IMS 2025: Elranatamab Consolidation After Ide-Cel Shows Promise in Relapsed or Refractory Multiple Myeloma

In an interview with Pharmacy Times®, Matthew Lei, PharmD, BCOP, clinical pharmacy specialist from Massachusetts General Hospital, discussed findings from a phase 2 trial evaluating elranatamab (elran) as consolidative therapy after idecabtagene vicleucel (ide-cel) in patients with relapsed or refractory multiple myeloma (RRMM). He highlighted his poster, "PA-051 Initial Results of a Phase 2 Study to Evaluate Elran Post-Ide-Cel Consolidation (EPIC) in Patients with RRMM," which he shared at the 22nd annual International Myeloma Society (IMS) meeting and exposition in Toronto, Canada.

Lei noted that while ide-cel produces strong initial responses, durability remains limited with a median progression-free survival of about 12 months. Early results from 16 patients showed that elranatamab improved response rates, including higher rates of stringent CR, VGPR, and MRD negativity. He emphasized that the strategy leverages sequential use of CAR-T cells and T-cell engagers to enhance response and prolong outcomes.

Pharmacy Times: Can you start by introducing yourself?

Matthew Lei, PharmD, BCOP: Hi, my name is Matthew Lei. I'm a clinical pharmacy specialist at Massachusetts General Hospital. I'm here at IMS 2025 presenting our poster, which was a study evaluating elranatamab post-ide-cel as consolidative therapy for patients with relapsed/refractory multiple myeloma.

Pharmacy Times: Can you briefly summarize the EPIC trial and why consolidation with elranatamab after idecabtagene vicleucel was chosen for patients with relapsed/refractory multiple myeloma?

Lei: In this phase 2 trial, the intent was to utilize consolidative therapy post-standard care ide-cel.

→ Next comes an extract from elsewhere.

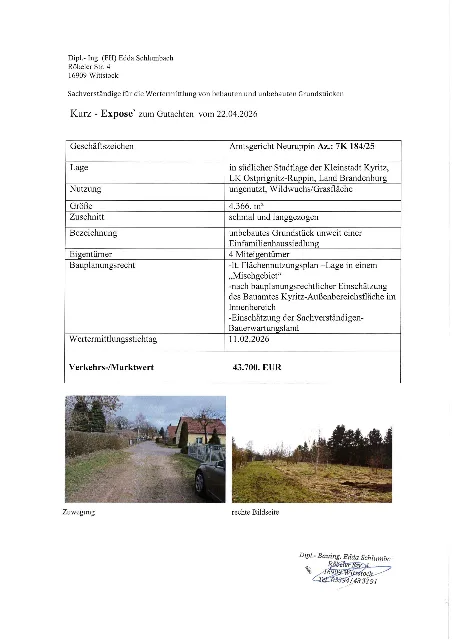 Zwangsversteigerung Unbebautes Grundstück in Kyritz – Objektfoto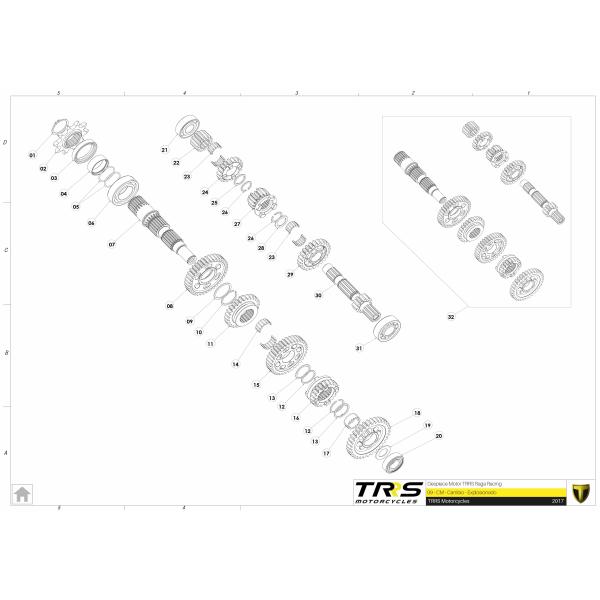 09001MT100 カウンターシャフト　スプロ Z１0Z１0　TRRS ラガレーシング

From the KarMMa and KarMMa-3 trials, we know that although the majority of patients respond, these responses are not durable. The median PFS is approximately 12 months or a little over 12 months. The goal is to deepen response, with the aim of improving progression-free survival.

Pharmacy Times: What were the key efficacy signals observed in these initial phase 2 results?

Lei: Our initial results from 16 patients have shown that consolidation with elranatamab does improve response rates. We observed an increase in stringent CR and VGPR rates and also increases in MRD negativity with this strategy.

Pharmacy Times: How does elranatamab’s mechanism of action complement or differ from ide-cel?

Lei: We know that there are specific mechanisms of resistance with CAR-T cells and T-cell engagers. Some are overlapping, and some are not. The goal is to combine these strategies sequentially, with the aim of reinvigorating CAR-T activity. This way, we gain activity from both the T-cell engager and the CAR-T cell, hopefully improving response and durability.

The approach is based both on mechanism and sequencing. Data show that sequential T-cell engager therapy, or T-cell engager therapy prior to CAR-T, is inferior compared to CAR-T followed by sequential T-cell engagers. This strategy leverages those insights to improve response and PFS.